*** Dataset content ***

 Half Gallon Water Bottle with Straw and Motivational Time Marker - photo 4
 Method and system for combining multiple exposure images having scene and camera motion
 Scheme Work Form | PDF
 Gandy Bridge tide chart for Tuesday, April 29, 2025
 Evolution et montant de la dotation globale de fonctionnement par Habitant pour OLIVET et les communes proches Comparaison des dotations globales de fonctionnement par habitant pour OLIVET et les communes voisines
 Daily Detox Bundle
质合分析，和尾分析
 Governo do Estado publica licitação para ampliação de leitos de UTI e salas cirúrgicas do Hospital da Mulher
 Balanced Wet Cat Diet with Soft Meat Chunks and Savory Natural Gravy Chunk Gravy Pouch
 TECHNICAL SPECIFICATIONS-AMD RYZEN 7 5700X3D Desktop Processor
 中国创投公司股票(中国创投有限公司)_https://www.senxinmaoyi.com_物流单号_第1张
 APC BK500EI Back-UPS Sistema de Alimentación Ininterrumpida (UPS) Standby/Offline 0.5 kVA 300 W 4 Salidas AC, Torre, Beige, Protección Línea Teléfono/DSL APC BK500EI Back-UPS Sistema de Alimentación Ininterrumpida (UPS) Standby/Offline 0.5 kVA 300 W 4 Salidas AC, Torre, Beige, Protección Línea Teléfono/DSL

*** End of Dataset content ***

### Exercise description
Reproduce precisely the span of lines that begins at the line containing "Scheme Work Form | PDF" and ends with the last line of the listing.

### Response below
 Scheme Work Form | PDF
 Gandy Bridge tide chart for Tuesday, April 29, 2025
 Evolution et montant de la dotation globale de fonctionnement par Habitant pour OLIVET et les communes proches Comparaison des dotations globales de fonctionnement par habitant pour OLIVET et les communes voisines
 Daily Detox Bundle
质合分析，和尾分析
 Governo do Estado publica licitação para ampliação de leitos de UTI e salas cirúrgicas do Hospital da Mulher
 Balanced Wet Cat Diet with Soft Meat Chunks and Savory Natural Gravy Chunk Gravy Pouch
 TECHNICAL SPECIFICATIONS-AMD RYZEN 7 5700X3D Desktop Processor
 中国创投公司股票(中国创投有限公司)_https://www.senxinmaoyi.com_物流单号_第1张
 APC BK500EI Back-UPS Sistema de Alimentación Ininterrumpida (UPS) Standby/Offline 0.5 kVA 300 W 4 Salidas AC, Torre, Beige, Protección Línea Teléfono/DSL APC BK500EI Back-UPS Sistema de Alimentación Ininterrumpida (UPS) Standby/Offline 0.5 kVA 300 W 4 Salidas AC, Torre, Beige, Protección Línea Teléfono/DSL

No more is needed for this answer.